Even with the crowds, we found the city gorgeous and great fun. For those few western tourists who travel South West China: if you thought Yangshuo was touristy, you have seen nothing yet! True, there are quiet corners, further away from Old Market Square, but the narrow promenades along the tiny Yu River turn into sheer madness when night falls. There must be a mile of restaurants, bars, clubs and karaoke bars that each plays their own type of music at max. volume.

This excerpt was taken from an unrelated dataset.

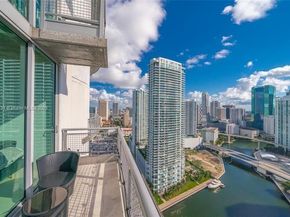 690 SW 1st Ct PHII04, Miami FL 33130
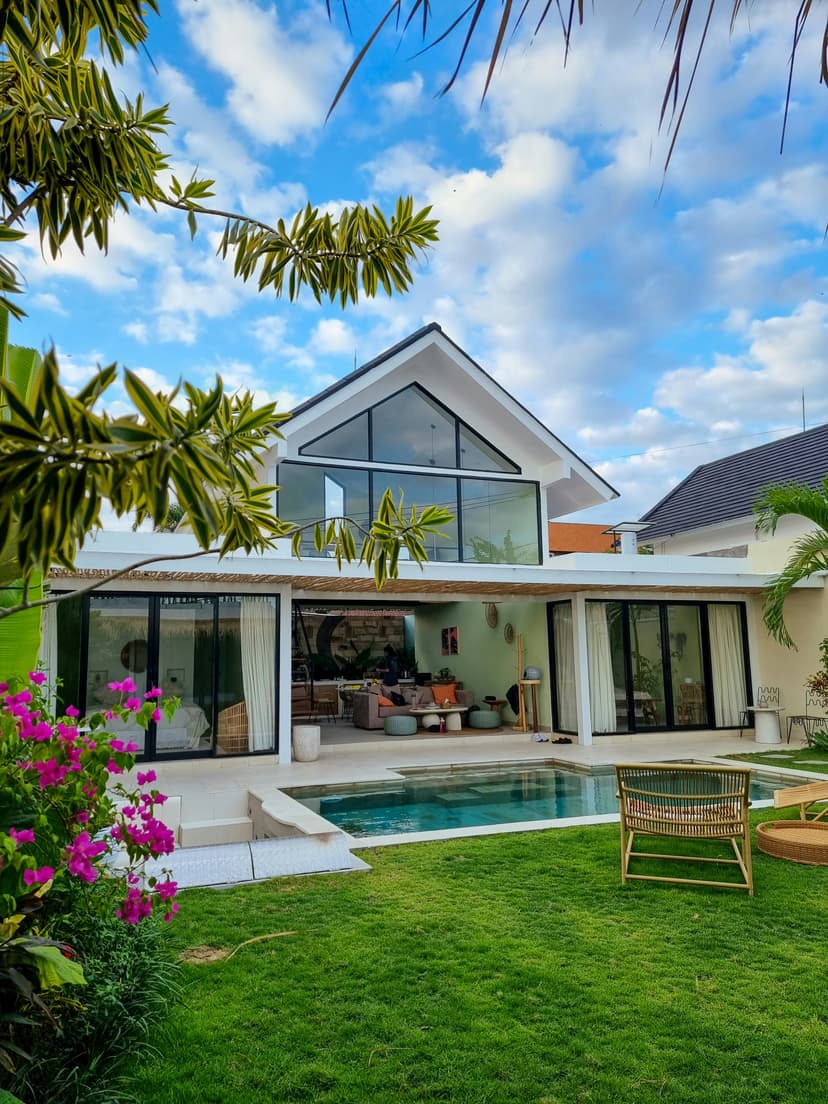 Urban Loft Villa - Image 1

The stream of people passing by is endless. While they are drifting along, they take photos of their friends or spouses flanked by some of the numerous girls in glittery traditional dresses, whose job it is to bring in customers. The later the evening, the less concerned these teenagers are about their mission – the places are packed anyway – but move to the rhythm of the loud thumping that comes from inside. Some bars had people dressed in traditional costumes dancing to deafening disco music. Others had groups that moved to what was obviously traditional music, again at a clear hazardous decibel level.
Two places managed to be even unique in this orgy of noise. One was a karaoke bar, where a confident woman shrieked into the microphone, while some guests loudly banged on the table. Unfamiliar with this ambience, it was not clear to us whether they disapproved or showed their delight. The other one was a bar were three African drummers got a young crowd so worked up that they frenetically hit some drums with wooden pedals and repeated, like a chorus, the African (???) chants the drummers were singing. Some of these youngsters seemed almost bewitched.
We were glad that our hostel, Dongba Hotel, was at the other end of Old Town. Not that too many residents would be troubled by the noise anyway, because very few locals still live there! The rents are astronomically high and those who owned property rent it or sold it to businesses people. For awhile, the local government even paid residents to remain living in the Old Town, in vain. Now, it decided to give out no more licenses to prevent Old Town from sprawling further and further.
Maybe in this current situation is it worth mentioning that these old Naxi houses resisted the 7.0 earthquake in 1996. The government rebuilt Lijiang County based on the principle of Naxi architecture, mainly using wood instead of cement.
Nevertheless, believe it or not, there is a quiet side to this popular tourist destination! One is a walk around the “Looking at the Past Pavilion” on the green hill in the center of town, actually the one separating old and new town. From the top of the pavilion, you have a great view of the city and the surroundings. While we were up there, the clouds tore open and let us have a glimpse of the nearby snow-covered mountains. In case we have not mentioned it yet, this was the first day since we arrived in Asia that we saw the sky!